The blizzard's still a-raging at my house! Once we started the snowflakes falling in the dining room, we kept on going right into the living room. The high vaulted ceiling gave us lots of airspace to fill with flurries; we used more Command hooks, more fishing line and billions more paper snowflakes to show global warming who's boss.
There was a bit of method to our madness. We decided upon a basic framework or grid of lines that we wanted to criss and cross across the room. Thinking in three dimensions, our plan was to keep each line fairly level but to layer the lines over one another to create a sense of depth. Once we got the first few hooks in place, we strung the lines and began taping up the snowflakes to see how much the lines drooped when we added the drag of the snowflakes' weight . Then we adjusted the tension on the lines and added another set of hooks to hang lines above the first set. Our process started out with a heavy trial-and-error vibe but became more refined and less up-and-down-the-ladder-to-see-how-it-looks intensive as we gained experience.

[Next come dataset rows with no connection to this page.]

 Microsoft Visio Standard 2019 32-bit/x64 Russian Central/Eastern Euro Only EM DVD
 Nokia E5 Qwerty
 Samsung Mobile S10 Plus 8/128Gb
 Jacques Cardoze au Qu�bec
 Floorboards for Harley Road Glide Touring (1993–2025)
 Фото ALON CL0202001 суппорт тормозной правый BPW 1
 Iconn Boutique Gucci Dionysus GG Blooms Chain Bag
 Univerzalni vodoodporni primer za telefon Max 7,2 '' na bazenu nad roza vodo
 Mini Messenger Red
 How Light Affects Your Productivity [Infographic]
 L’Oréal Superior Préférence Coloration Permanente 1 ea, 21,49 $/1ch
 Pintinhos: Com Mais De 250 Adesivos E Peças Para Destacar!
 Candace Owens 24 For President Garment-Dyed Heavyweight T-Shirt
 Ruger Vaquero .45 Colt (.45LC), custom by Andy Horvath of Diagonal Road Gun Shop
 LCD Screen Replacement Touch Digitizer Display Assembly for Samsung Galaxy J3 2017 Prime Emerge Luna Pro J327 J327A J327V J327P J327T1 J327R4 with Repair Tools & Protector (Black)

- As you evaluate your work-in-progress, be sure to check from both the perspective of a person entering the room, and someone seated within the room.
- Yes, the kittens can reach the lines from the tallest pieces of furniture, just as we feared. But after swatting down a few flakes, they got bored and moved on.
- The more space between the layers, the better.
- You cannot have too many snowflakes. Next year, we will make lots more.